AES is a public algorithm, and widely available. The original proposal (RIJNDAEL) was written in C, and is designed to give good performance on machines that can manipulate 8 bit chunks o' data (e.g. most modern CPUs), so it is a good match to C.

formatting link

Note that AES is a block cypher. These can be used with or without feedback around the outside. The latency isn't so important when not using feedback, which allows the use of subpipelining to increase the clock rate. Unfortunately, many of the interesting crypto applications use block cyphers with feedback (e.g. CBC, CFB), so the latency affects the throughput, and subpipelining doesn't help.

formatting link

Google shows that there are many papers claiming rather fast AES in FPGAs (with some fine print saying they're using a non-feedback mode). I've never seen a feedback mode cypher in a real world application get anything over some Gb/s.

Regards, Allan

- F
- fpga_toys
  
  Contact options for registered users
Vote on answer
posted
18 years ago

Fri, Mar 10, 2006 10:27 AM

Me too :)

I'll take a look at it this weekend, as it might make another interesting example for the next FpgaC release. I have a pipelined RSA-72 I did two years ago when looking at building dnet engines that is a monster because of the barrel shifters and LUT RAMS required for retiming. First glance at the referenced materials suggests the problem with AES is going to be 80 or more block rams for S box lookups tables to get any reasonable parallelism. It's not clear there is an easy way to avoid using sbox tables, as the algorithm for creating the table is itterative. The rest of the requirements per round seem pretty timid. I have a couple ideas to ponder first.

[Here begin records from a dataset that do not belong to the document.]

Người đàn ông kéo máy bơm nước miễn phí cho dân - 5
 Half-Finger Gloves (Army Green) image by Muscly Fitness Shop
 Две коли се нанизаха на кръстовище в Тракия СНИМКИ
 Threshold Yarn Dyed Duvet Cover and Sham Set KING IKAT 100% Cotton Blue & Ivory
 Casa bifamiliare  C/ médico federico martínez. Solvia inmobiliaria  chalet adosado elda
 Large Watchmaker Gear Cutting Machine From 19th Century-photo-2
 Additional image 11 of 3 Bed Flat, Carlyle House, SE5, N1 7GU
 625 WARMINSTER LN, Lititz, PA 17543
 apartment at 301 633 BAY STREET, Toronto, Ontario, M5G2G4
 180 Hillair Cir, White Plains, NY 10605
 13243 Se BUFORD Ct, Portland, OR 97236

The feedback chaining clearly limits performance unless you have a fair number of independent concurrent streams that can be muxed into the pipeline - like a 11 port mux/switch used to breakout a very fast connection.

- B
- backhus
  
  Contact options for registered users
Vote on answer
posted
18 years ago

Fri, Mar 10, 2006 11:24 AM

Hi Allan, interesting point, but have you thought about what the reasons may be?

Let's do some (approximative) calculations.

Assume you have a single AES-Round that runs with a 100MHz Clock. This round needs at least 10 clocks to produce an AES Cipher.

With 128 Bits Data width that gives:

128 * 100e6 /10 = 1,28e9 Bits per second

So that is the limit for the assumed circuit.

Adding a feedback path for block cipher modes will extend the number of clocs to create a ciper.

Let's assume 14 clocks to produce a CBC cipher

Now we have:

128 * 100e6 /14 = 914,3e6 Bits per second

That's all what's possible with the assumed circuit.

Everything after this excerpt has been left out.